Bremerton’s outpacing the overall growth of the system, whose ridership rose 5 percent in the same period.

So what gives? A statistical anomaly or something permanent? I asked Raymond Deardorf, planning director for the Washington State Ferries, for his thoughts. He mentioned the economy plays a role in the whole system, and it doesn’t hurt to have the Seahawks in Seattle.

“Looks like the route ridership has returned to its pre-recession levels,” Deardorf said. “And maybe even exceeding those levels.”

Why is that, you ask? Here are my theories:


It’s the economy, stupid: we know that the Great Recession is over. So more people could be riding as the Puget Sound Naval Shipyard’s employment near 13,000. Ridership earlier this decade has reached 2.5 million before. And, unless you’ve been living under a rock, you know Seattle’s economy really couldn’t get much hotter. But the economic changes should affect all ferry runs and the system as a whole isn’t growing as fast as Bremerton’s.

Nimitz Arrival: In January 2015, a second aircraft carrier arrived in Bremerton, bringing about 3,000 sailors and their families to the Kitsap peninsula. It will be here through at least 2018.

The Seahawk effect: Yep, we’ve got one heck of a football team in the Pacific Northwest, don’t we? They’ve been packing the ferries for each home game. That might result in some higher numbers but remember that the vessels only hold between 1,200 and 2,000 passengers. That would explain a little jump but also remember the Seahawks have been packing them in for more than a few years now.
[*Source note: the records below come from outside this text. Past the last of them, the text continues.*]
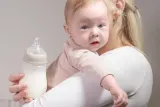 Подогреватель для бутылочек Concept KIDO OL4000 Single электрический, с функцией стерилизации, 1 шт — фото 6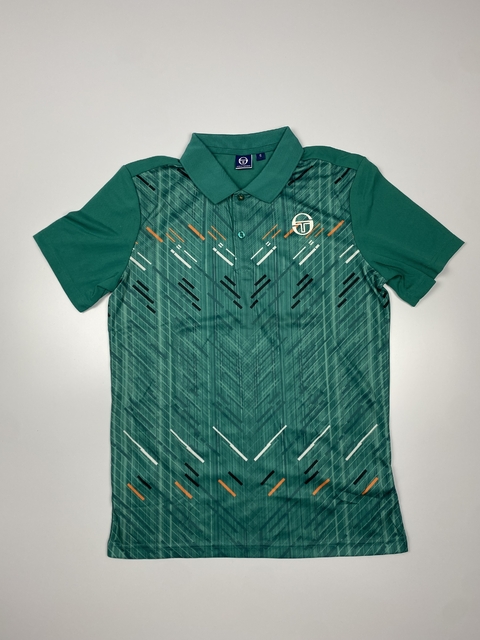 Polo Sergio Tacchini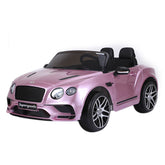 Megastar Bentley Supersports Convertible 1155DX - Colorland Toys
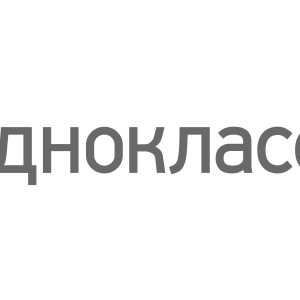 Odnoklassniki logo PNG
On a related note, the Mariners’ potential of late has more people going to Safeco (notice I said “potential”) which could be helping the uptick.

Avoiding 305: There’s an imaginary line through Kitsap County where Seattle commuters who live here make a choice to go to either Bremerton’s ferry terminal or Bainbridge. We can debate where that line is but I think it’s moving north, with more commuters choosing Bremerton over Bainbridge. Why? The nightmare each day on Highway 305 as Bainbridge’s ferries arrive in Winslow. Trying to drive off the island during the commuting hours is just brutal.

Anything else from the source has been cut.